Tu te souviens de la photo de Kyle et sa mère à l'école?
Margaret, Kyle'ın St. George'a derslerinde başarısız olduğu için geldiğini söylemişti.
Margaret dit que Kyle est venu à St George, car qu'il séchait ses cours.
- Bileğini Kyle mı kırmış?
- Kyle lui a cassé le poignet?
Yo, Kyle.
Kyle, attends.
Sana dokundu mu Kyle?
Elle t'a touché, Kyle?
Başka ne yaptın, Kyle?
Tu as fait quoi d'autre, Kyle?
Söylesene.
Dis-le, Kyle.
Başka ne yaptın, Kyle?
Tu as fait quoi?
Başka ne yaptın, Kyle?
Tu lui as fait quoi?
Kyle.
Venez.
- Başka ne yaptın, Kyle?
- Qu'as-tu fait d'autre?
- Polisle konuşmam gerek. Şimdi. - Kyle, Kyle.
- Il faut que je parle à la police.
Hayır, hayır.
- Non, Kyle.
- Kyle.
- Kyle.
Kyle, çok baskı altındasın.
Vous êtes sous pression, Kyle.
- Kyle, burada kimse sana zarar vermek istemiyor.

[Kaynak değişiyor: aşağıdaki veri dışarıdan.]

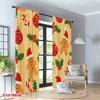 2pcs 2D flat printing Classic Christmas Curtains Christmas Holly Candy Ball Digital Printed Polyester Drapes Family Party Use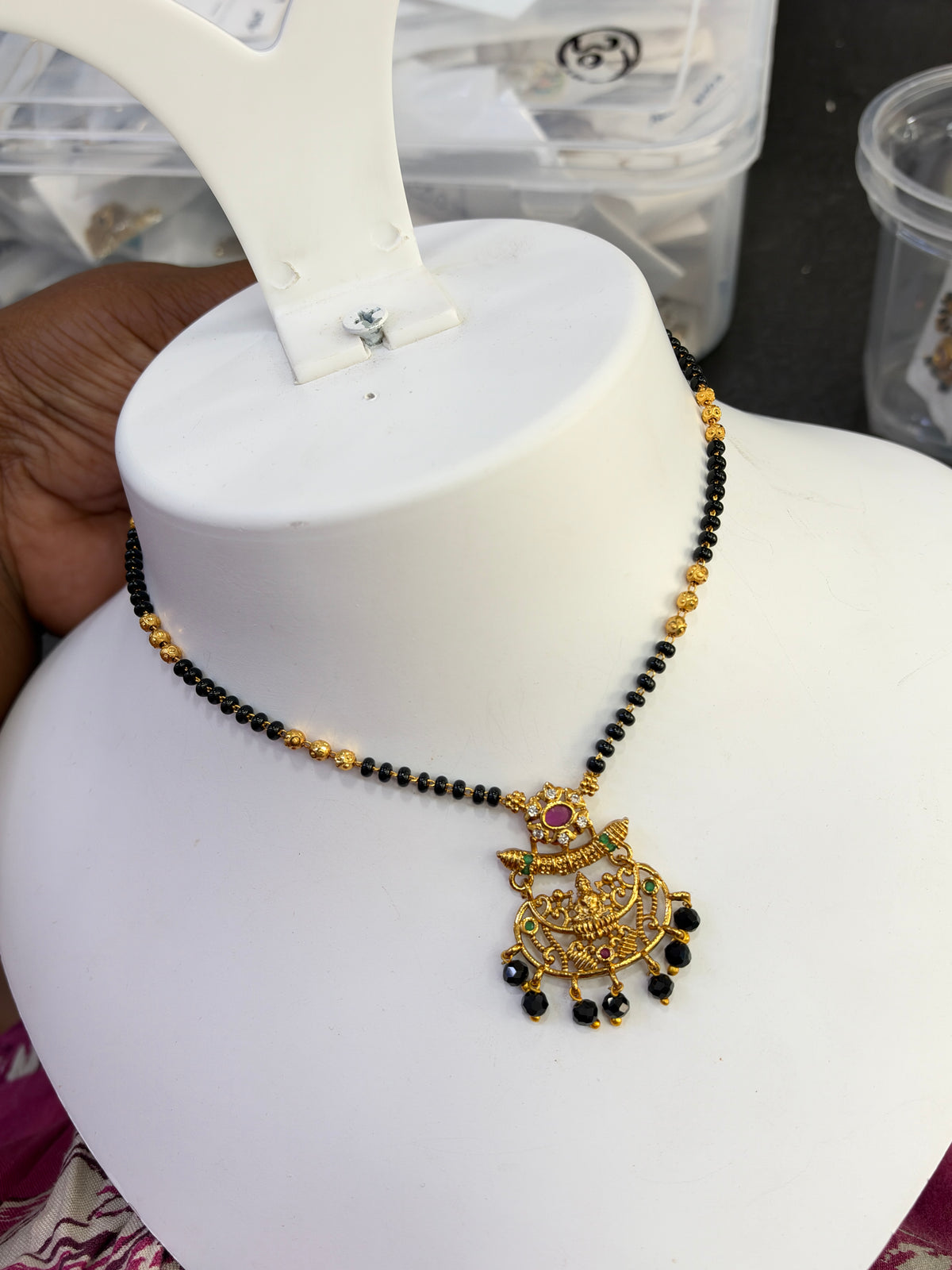 Lakshmidevi broad Black beads 18 inches - available in multiple design options Bb429
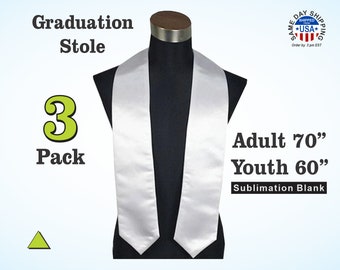 3 Pack Graduation Stole - Sublimate graduation sash - Adult & Youth sizes - Sub blank sash- wholesale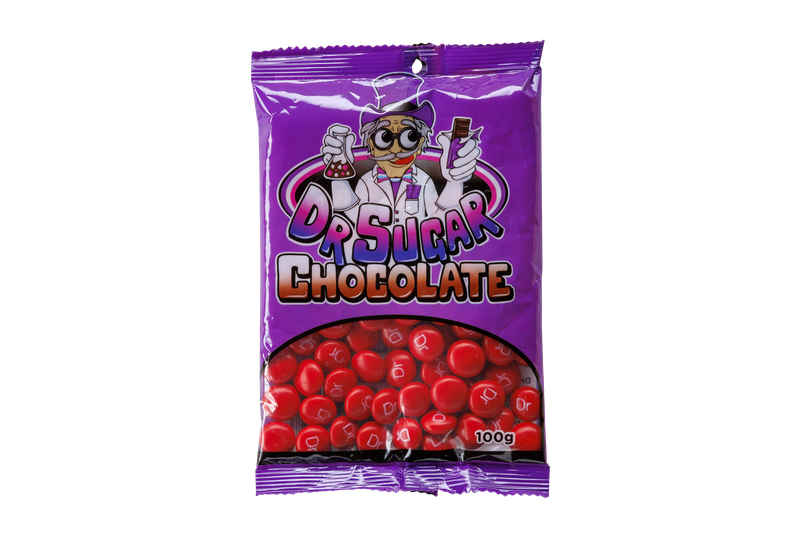 Dr Sugar 100g Red Chocolate Beans Buttons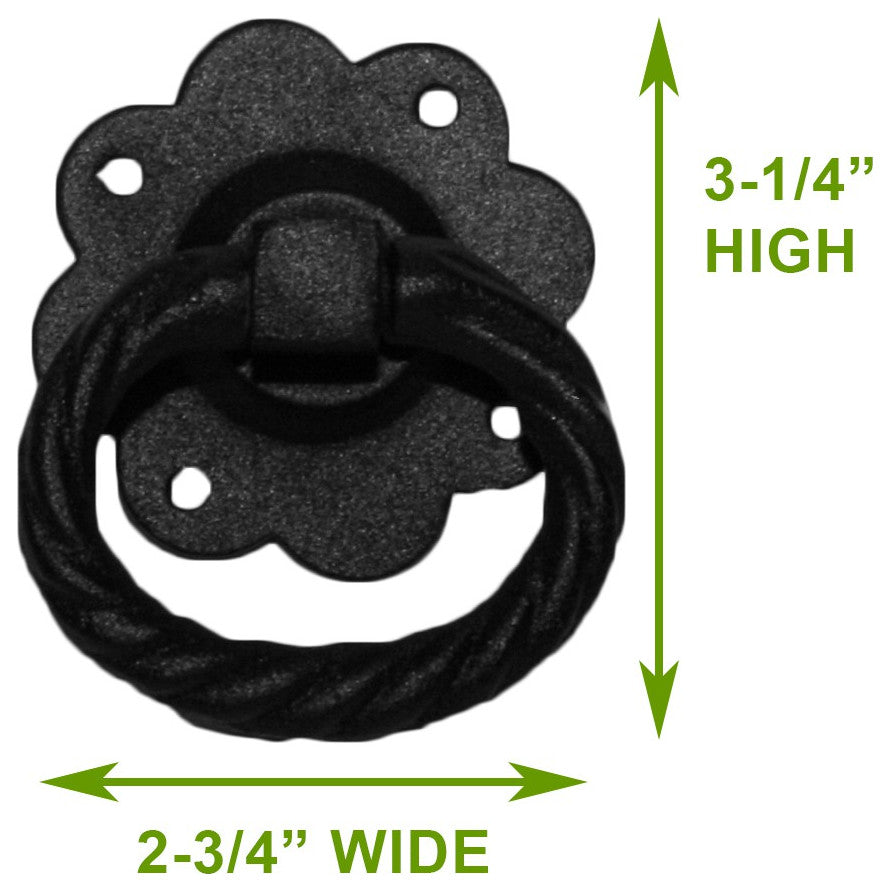 Renovators Supply Door Lock Latch 6 in Black Wrought Iron Floral Ring Gate Latch
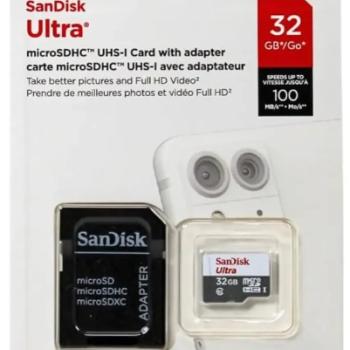 CARTAO DE MEMORIA MICRO SD 32GB ULTRA ( C10 / SDSQUNR-032G-GN3MA ) 100MB/s - SANDISK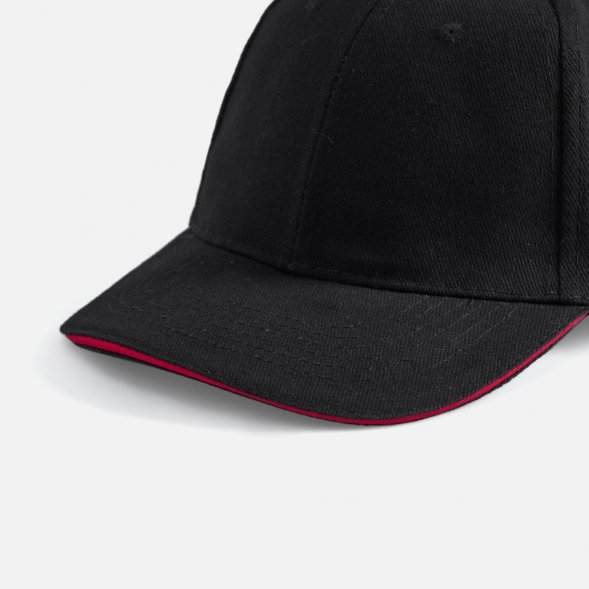 Бейсболка Buffalo, черная с красным 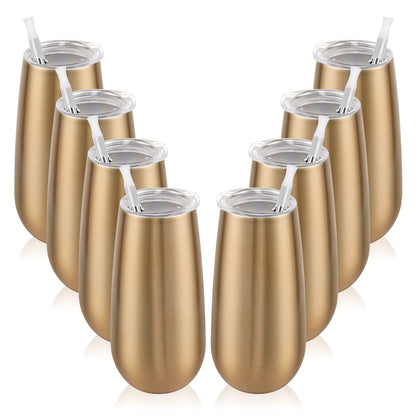 8 Pack Insulated Champagne Tumblers, Stemless Champagne Tumbler 6 Oz, Champagne Flutes Wine Tumbler, Unbreakable Cocktail Cups with Lid, Gift for Family Friends Christmas Birthday Wedding (Gold)
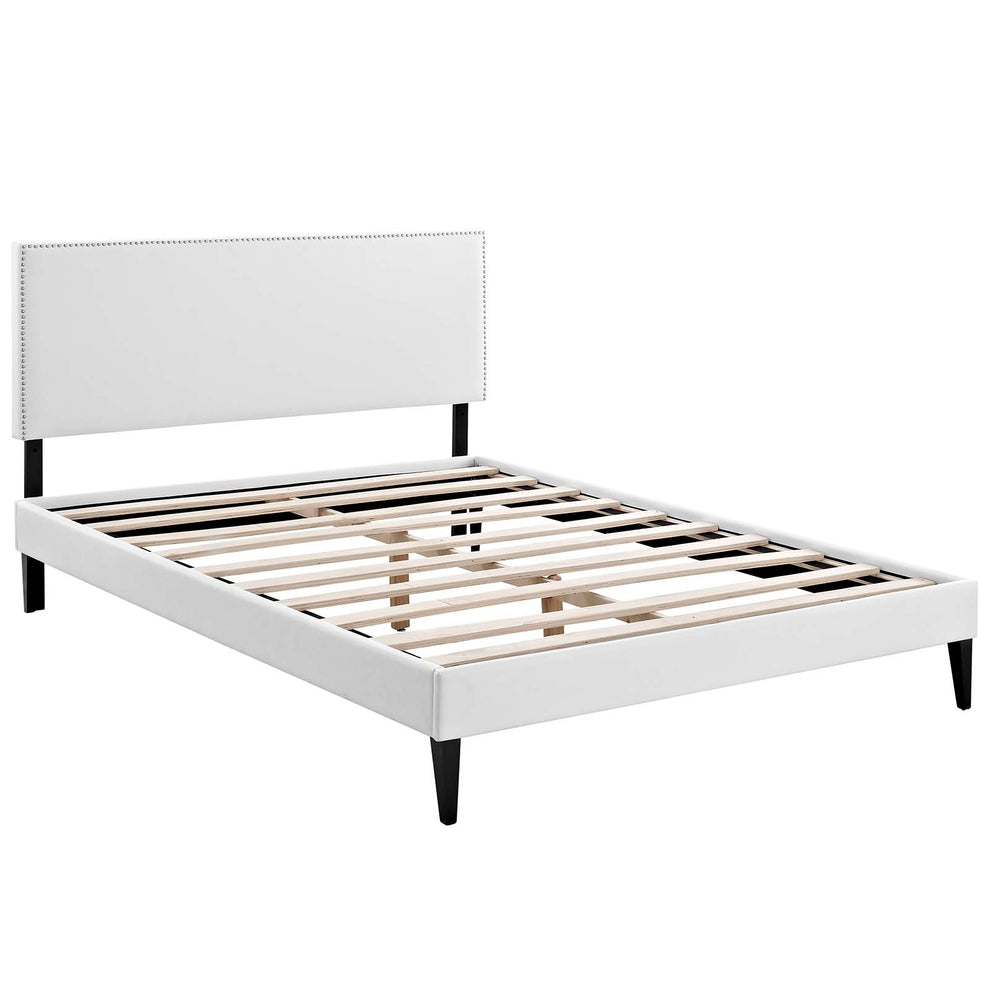 Macie Full Vinyl Platform Bed with Squared Tapered Legs By Modway - MOD-5968 | Beds | Modishstore - 3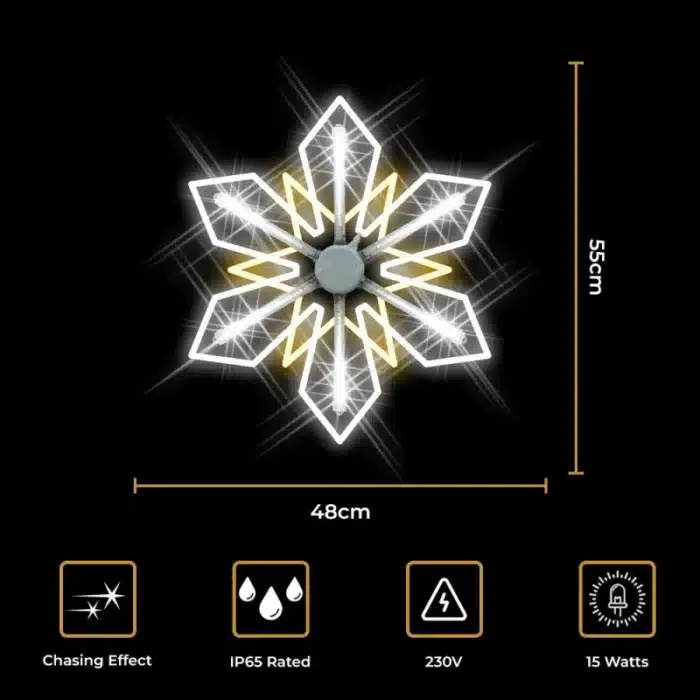 Snowflake with chasing effect 2D Christmas decoration size and features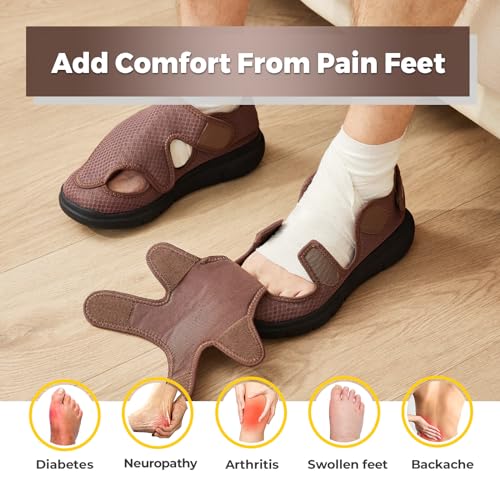 FitVille Diabetic Sandals for Men Extra Wide Diabetic Shoes for Swollen Feet Walking Sandals for Elderly Foot Pain Relief for Plantar Fasciitis3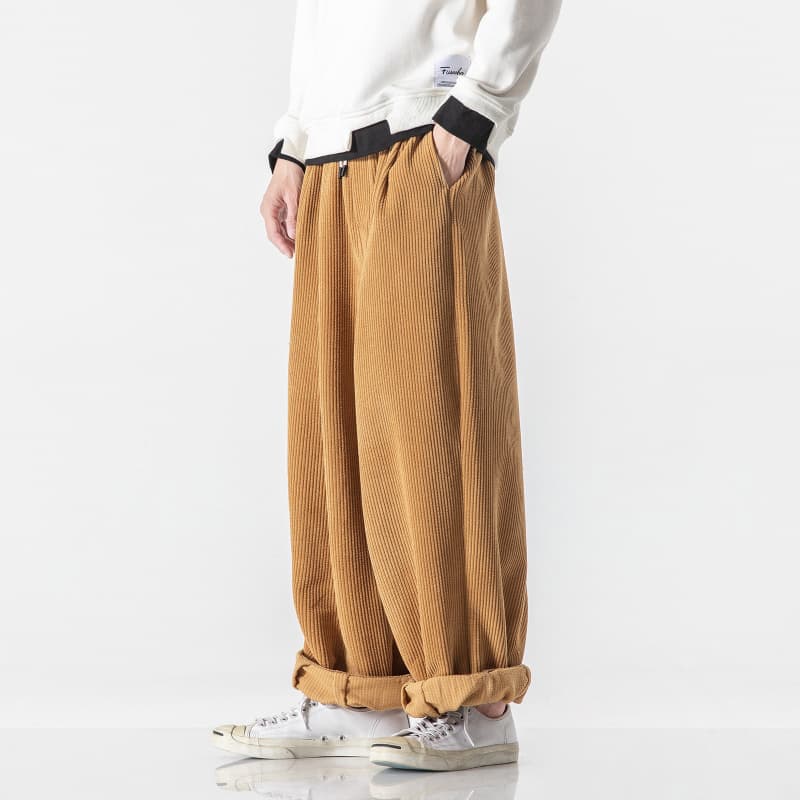 ワイドパンツ メンズ ワイドパンツ メンズ ゆったり畦編みワイドスラックス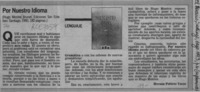 Por nuestro idioma  [artículo] Hernán Poblete Varas.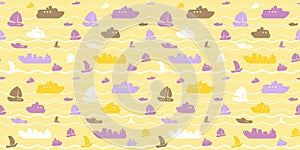 Seamless pattern with boats, yachts and sea waves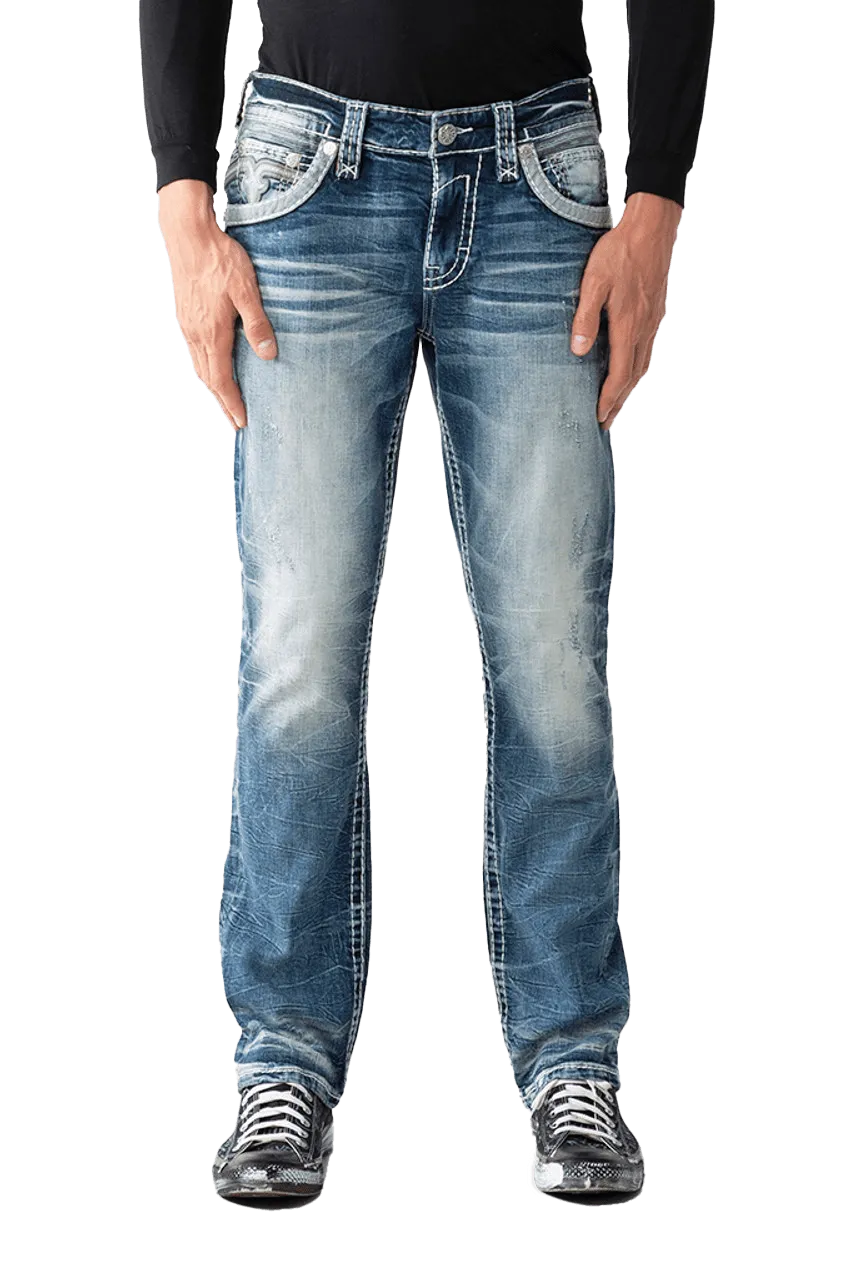 Rock Revival Men's Seagrass J200 Straight 34 Denim Jeans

- Personne ne vous veut de mal ici.
Kyle dün gece olanlar hakkında veya başka bir şey hakkında konuşmak istersen benimle konuşabileceğini biliyorsun. Her ne olursa olsun.
Si vous voulez parler de ce qui s'est passé hier soir ou d'autre chose, vous pouvez me parler de tout.
- Yapmazsak da Kyle'a yardım edemeyiz.
Sans ça, on ne peut pas aider Kyle.
Kyle'ı piyano yarışmaları ve resitallerine götürürdü.
Quand il emmenait Kyle à ses récitals de piano.
- Kyle?
- Kyle?
Doktorun Kyle'ın asla hatırlamayacağını söylediğini söylemiştin.
Le docteur avait dit que Kyle ne se souviendrait jamais.
Değişen bir şey yok. Kyle hâlâ bir şey hatırlamıyor...
Rien n'a changé, Kyle ne se souvient toujours pas.
Sen de o lanet olası silahı ve planları Kyle odasına koymamalıydın.
Il ne fallait pas mettre cette arme dans la chambre de Kyle.
Kyle beynini dağıtsaydı bütün her şey sona erecekti.
Si Kyle s'était fait sauter la cervelle, tout ça serait fini.
Kyle'a dokunulmayacak.
Il ne faut pas... toucher à Kyle.
Oraya gitmeliyiz. Kyle'ın başı dertte.
Nous devons y aller, Kyle a des ennuis.
Kyle'ın masum olduğundan nasıl bu kadar eminsin?
Comment sais-tu que Kyle est innocent?
- Hayır, Kyle doğru söylüyor.
- Non, il me dit la vérité.
Bizden biri olmayı istiyorsun, değil mi Kyle?
Tu veux être l'un des nôtres?
Kyle! Kyle, sakın gitme. Beni dinle.
Kyle, ne partez pas.
Tamam Kyle, nefes alman gerek.
Kyle, respire.
Kimse seni burada bulamaz, Kyle.
Personne ne te trouvera ici, Kyle.
Kyle'ın hatırlayacağını biliyordu ve hiç önemsemedi.
Elle savait qu'il allait se souvenir, et elle n'en avait rien à foutre.